### AIM OF THE EXERCISE
Repeat nothing but the lines below running from the one containing "Willow&I Bully Sticks" to the one containing "Leeboom 360° Rotating". Keep both end lines.

#####

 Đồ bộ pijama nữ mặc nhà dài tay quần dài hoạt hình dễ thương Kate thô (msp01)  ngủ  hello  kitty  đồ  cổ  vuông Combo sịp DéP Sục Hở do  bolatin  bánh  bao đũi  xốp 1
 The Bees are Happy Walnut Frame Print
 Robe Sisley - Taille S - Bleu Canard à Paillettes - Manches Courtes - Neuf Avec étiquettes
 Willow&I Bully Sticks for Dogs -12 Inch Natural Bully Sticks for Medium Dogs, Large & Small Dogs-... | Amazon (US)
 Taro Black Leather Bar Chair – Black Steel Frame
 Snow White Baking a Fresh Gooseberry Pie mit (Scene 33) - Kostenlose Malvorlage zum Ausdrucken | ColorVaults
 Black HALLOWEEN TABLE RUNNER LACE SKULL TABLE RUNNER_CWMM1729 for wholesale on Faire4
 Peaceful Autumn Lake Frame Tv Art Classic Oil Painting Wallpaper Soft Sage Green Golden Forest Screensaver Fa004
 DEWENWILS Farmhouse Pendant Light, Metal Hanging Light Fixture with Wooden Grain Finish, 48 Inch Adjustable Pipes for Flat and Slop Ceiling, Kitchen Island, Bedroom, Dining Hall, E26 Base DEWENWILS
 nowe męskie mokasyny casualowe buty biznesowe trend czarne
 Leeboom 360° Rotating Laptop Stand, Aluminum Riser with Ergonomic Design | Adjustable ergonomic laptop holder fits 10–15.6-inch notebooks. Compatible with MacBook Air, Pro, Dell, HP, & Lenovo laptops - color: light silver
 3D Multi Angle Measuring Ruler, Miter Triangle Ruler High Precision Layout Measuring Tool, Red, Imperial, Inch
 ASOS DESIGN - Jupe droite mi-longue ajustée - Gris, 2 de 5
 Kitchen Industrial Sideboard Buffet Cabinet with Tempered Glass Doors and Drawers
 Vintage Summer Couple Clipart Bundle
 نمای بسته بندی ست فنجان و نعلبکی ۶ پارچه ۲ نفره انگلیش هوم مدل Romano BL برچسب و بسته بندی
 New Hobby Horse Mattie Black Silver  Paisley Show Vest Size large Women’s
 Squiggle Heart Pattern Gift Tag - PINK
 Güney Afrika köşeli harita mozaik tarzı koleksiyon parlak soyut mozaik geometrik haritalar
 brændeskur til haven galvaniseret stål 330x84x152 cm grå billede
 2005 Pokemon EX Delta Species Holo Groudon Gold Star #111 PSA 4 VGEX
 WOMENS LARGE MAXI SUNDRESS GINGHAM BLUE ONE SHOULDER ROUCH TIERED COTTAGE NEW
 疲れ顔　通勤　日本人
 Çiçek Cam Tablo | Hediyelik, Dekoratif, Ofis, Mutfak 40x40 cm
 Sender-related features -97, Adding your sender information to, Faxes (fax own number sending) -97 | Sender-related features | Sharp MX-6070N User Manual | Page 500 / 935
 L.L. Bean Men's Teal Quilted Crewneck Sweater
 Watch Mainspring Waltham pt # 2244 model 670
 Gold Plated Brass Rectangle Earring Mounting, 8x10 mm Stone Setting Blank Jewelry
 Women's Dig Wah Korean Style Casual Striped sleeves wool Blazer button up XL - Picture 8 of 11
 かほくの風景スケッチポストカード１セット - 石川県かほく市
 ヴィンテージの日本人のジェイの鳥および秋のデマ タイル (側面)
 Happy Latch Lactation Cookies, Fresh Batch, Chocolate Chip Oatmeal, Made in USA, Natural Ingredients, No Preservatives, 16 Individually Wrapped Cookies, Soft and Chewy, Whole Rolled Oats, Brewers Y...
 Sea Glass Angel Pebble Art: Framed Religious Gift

#####

### REPLY
 Willow&I Bully Sticks for Dogs -12 Inch Natural Bully Sticks for Medium Dogs, Large & Small Dogs-... | Amazon (US)
 Taro Black Leather Bar Chair – Black Steel Frame
 Snow White Baking a Fresh Gooseberry Pie mit (Scene 33) - Kostenlose Malvorlage zum Ausdrucken | ColorVaults
 Black HALLOWEEN TABLE RUNNER LACE SKULL TABLE RUNNER_CWMM1729 for wholesale on Faire4
 Peaceful Autumn Lake Frame Tv Art Classic Oil Painting Wallpaper Soft Sage Green Golden Forest Screensaver Fa004
 DEWENWILS Farmhouse Pendant Light, Metal Hanging Light Fixture with Wooden Grain Finish, 48 Inch Adjustable Pipes for Flat and Slop Ceiling, Kitchen Island, Bedroom, Dining Hall, E26 Base DEWENWILS
 nowe męskie mokasyny casualowe buty biznesowe trend czarne
 Leeboom 360° Rotating Laptop Stand, Aluminum Riser with Ergonomic Design | Adjustable ergonomic laptop holder fits 10–15.6-inch notebooks. Compatible with MacBook Air, Pro, Dell, HP, & Lenovo laptops - color: light silver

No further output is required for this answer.